Mary Webb, director of economic and fiscal policy at Scotiabank Economics, says she credits the government for its handling of the economy by addressing growth pressure points such as the need for new schools and for developing its own carbon-pricing system.
"There was a need for stimulus, they've provided it, and now looking forward over the next three to four years, how do you balance that stimulus with private-sector recovery? We're hopeful that private-sector recovery will be gaining traction as we look through to 2018."
But Wildrose Leader Brian Jean isn't quite so glowing in his assessment of the government or the praise given by economists.
"If you go talk to everyday Albertans right across the province wherever they are, they're suffering, and there's over a hundred thousand that are unemployed."
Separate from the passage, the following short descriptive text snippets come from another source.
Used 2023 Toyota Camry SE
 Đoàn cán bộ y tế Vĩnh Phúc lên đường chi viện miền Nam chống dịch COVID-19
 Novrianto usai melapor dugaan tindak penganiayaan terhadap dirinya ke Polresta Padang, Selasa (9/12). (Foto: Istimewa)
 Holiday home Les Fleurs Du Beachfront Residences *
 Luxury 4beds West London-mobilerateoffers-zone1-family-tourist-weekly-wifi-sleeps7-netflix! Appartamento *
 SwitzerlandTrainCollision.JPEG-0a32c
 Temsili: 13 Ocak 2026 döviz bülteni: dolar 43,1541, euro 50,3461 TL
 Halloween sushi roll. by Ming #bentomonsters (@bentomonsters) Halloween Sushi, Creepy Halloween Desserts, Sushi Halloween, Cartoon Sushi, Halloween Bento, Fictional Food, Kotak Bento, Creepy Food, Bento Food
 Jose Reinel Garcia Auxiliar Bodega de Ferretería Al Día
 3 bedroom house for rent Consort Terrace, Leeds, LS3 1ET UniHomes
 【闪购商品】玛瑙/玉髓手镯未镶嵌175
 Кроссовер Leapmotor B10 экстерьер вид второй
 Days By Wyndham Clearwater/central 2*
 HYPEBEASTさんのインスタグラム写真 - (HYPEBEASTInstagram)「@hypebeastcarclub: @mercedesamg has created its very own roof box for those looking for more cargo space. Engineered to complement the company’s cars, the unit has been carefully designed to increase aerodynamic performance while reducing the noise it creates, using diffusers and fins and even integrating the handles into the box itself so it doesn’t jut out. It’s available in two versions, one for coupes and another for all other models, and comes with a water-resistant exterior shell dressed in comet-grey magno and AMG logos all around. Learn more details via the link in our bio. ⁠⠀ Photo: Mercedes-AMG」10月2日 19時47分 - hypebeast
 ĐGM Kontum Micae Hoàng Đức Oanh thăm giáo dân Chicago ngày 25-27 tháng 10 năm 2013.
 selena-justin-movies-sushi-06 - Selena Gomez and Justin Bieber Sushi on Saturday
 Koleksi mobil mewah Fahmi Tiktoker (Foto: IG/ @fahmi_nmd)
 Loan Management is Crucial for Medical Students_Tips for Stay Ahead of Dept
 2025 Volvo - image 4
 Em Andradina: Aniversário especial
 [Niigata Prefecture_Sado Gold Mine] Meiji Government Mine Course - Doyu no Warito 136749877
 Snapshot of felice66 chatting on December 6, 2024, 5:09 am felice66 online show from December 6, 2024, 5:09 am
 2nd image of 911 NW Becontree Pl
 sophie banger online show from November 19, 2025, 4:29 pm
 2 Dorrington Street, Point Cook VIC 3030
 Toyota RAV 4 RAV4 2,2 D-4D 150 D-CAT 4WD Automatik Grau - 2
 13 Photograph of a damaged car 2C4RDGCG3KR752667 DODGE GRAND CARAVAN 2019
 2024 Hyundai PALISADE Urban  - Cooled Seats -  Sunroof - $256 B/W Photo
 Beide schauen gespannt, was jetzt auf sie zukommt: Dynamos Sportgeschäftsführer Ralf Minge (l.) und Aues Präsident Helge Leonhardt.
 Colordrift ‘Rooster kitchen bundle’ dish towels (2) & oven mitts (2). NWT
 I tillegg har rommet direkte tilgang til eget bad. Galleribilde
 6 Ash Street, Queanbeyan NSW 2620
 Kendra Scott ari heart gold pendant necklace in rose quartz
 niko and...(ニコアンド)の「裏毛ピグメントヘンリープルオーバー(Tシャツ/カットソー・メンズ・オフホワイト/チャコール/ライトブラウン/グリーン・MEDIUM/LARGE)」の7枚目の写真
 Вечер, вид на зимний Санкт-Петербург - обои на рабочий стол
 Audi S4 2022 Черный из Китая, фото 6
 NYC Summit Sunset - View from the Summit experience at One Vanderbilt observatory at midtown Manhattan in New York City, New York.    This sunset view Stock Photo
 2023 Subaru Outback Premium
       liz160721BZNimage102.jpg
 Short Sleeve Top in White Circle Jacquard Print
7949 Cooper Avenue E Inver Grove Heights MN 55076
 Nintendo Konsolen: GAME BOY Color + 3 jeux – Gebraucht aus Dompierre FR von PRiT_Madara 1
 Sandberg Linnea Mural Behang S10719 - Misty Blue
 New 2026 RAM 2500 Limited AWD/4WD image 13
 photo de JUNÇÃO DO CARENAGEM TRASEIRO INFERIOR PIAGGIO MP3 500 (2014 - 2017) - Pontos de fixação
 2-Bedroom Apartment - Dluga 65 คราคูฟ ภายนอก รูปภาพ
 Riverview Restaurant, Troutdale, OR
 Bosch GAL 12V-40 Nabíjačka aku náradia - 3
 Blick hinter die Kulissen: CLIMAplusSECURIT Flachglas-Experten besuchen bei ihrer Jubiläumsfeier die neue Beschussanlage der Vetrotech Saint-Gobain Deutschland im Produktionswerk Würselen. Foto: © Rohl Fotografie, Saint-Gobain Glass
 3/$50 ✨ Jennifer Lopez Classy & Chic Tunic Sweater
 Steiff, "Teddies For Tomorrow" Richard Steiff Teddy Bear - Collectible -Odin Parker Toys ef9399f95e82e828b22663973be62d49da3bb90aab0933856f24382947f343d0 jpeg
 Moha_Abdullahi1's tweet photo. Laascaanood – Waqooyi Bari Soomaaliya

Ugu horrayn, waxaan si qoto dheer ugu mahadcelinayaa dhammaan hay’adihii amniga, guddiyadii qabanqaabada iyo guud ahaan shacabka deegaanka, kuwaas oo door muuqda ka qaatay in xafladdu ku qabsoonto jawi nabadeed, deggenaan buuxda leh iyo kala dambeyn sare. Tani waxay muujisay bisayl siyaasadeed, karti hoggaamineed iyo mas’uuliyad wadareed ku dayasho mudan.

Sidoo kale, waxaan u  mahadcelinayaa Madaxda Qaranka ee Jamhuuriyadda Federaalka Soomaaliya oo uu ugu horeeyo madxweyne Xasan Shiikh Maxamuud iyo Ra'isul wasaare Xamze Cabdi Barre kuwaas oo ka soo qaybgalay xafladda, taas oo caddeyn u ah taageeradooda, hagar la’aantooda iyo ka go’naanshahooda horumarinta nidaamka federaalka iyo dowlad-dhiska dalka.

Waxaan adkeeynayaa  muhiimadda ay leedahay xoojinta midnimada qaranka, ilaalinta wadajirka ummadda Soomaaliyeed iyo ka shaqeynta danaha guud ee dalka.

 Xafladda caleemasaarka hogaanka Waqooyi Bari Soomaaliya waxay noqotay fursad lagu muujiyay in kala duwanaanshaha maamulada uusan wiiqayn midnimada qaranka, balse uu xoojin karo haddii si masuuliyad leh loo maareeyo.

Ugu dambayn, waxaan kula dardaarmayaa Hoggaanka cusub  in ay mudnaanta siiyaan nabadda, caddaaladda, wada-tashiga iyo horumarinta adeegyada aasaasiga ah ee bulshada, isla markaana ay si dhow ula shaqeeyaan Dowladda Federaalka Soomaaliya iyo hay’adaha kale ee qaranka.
Jean said it's one thing to talk about the global economy, and quite another to address needs of people on the ground "who are suffering as a result of these dramatic ideological moves by the NDP government."
Shenfeld said one of the big challenges ahead is how the Alberta government reins in its predicted $10.8-billion deficit.
It's inevitable that placing wage restraints on the public sector and reducing capital spending will "take a bite out of the pace of the ultimate rebound," he said.
"At least going into deficit initially," adds Shenfeld, " was something that was probably necessary to keep the economy from an even deeper recession that we've already been in."